US shale plays grew exponentially during their development phases, with the number of horizontal wells completed shooting up year-to-year in their first 5 years of relevancy. Vaca Muerta shows potential for a similar activity surge given geology “as good or better than the majority of the US plays,” noted Ryan Carbrey, Rystad senior vice president, shale research, during a recent Vaca Muerta-focused webinar.

But the region still needs to overcome several issues to spark broader development—namely political risk, access to capital, and limitations when it comes to oilfield services, logistics, and labor requirements.


Even with these issues, “we are actually talking about really significant production additions from Vaca Muerta in the medium term,” said Artem Abramov, Rystad head of shale research. The number of wells fractured in the play jumped in 2018 to 143 from 104 in 2017, according to Rystad data. The firm forecasts the total to rise to 207 next year and almost 250 in 2021, representing a 20%/year increase.

Abramov compared the play’s geology with that of the Eagle Ford Shale in the US because it has three distinct, highly prospective thermal maturity windows: oil, a mix of condensate and volatile oil, and dry gas. However, much of the recent Vaca Muerta development has focused on the deeper gas window of the play, while the Eagle Ford’s dry gas window has not proved to be commercial.

Vaca Muerta gas production was around 900 MMcf/D in October and is expected to reach 1 Bcf/D in early 2019, if not sooner, Rystad data indicate.
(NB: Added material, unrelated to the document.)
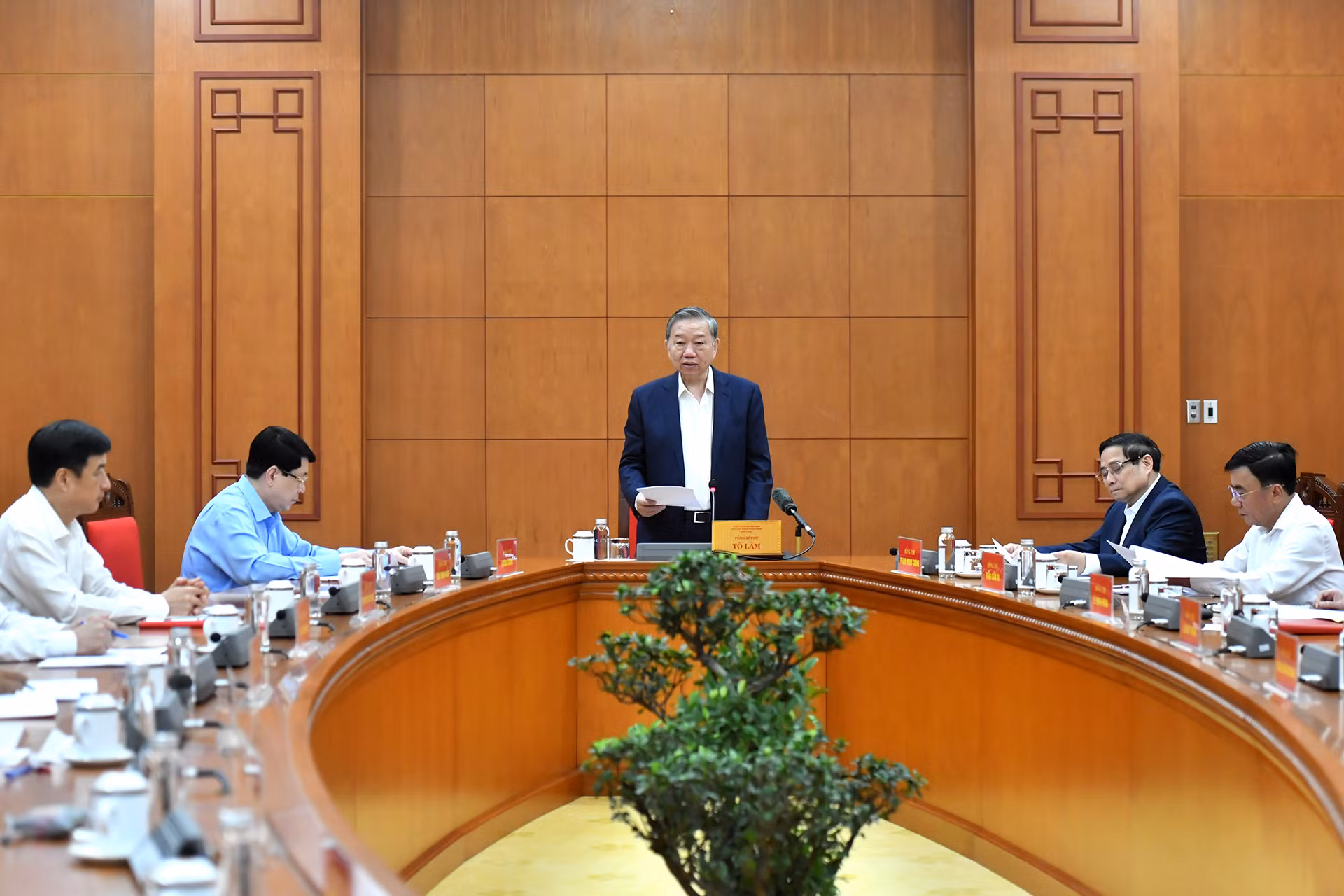 Tổng Bí thư Tô Lâm chủ trì cuộc họp của Tiểu ban Nhân sự Đại hội XIV của Đảng.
A record 19 horizontal gas wells came online during the month.

Aside from Argentina’s state-owned YPF, operators such as Tecpetrol, BP, Total, and a few other firms are just now entering the development phase. Their production gains should help bolster Vaca Muerta gas production above 3 Bcf/D by the end of 2021, Rystad projects. 


Well productivity in the play competes with the best of US shale, with 30-year estimated ultimate recoveries (EUR) normalized for 7,000 ft as good or better compared with areas in the Marcellus, Utica, and Haynesville shales. The average 30-year EUR for dry gas wells in YPF’s El Orejano area is 12.9 Bcf and Tecpetrol’s Fortin De Piedra area is 12.5 Bcf. BP’s and Total’s wells in the Aguada Pichana area average 9.4 Bcf and 9 Bcf, respectively. 

Oil production in the region has largely been driven by the liquids-rich Loma Campana area, where this year there has been a “dramatic acceleration in the pace of production additions,” Abramov said. As of October, Vaca Muerta oil output was around 75,000–80,000 B/D.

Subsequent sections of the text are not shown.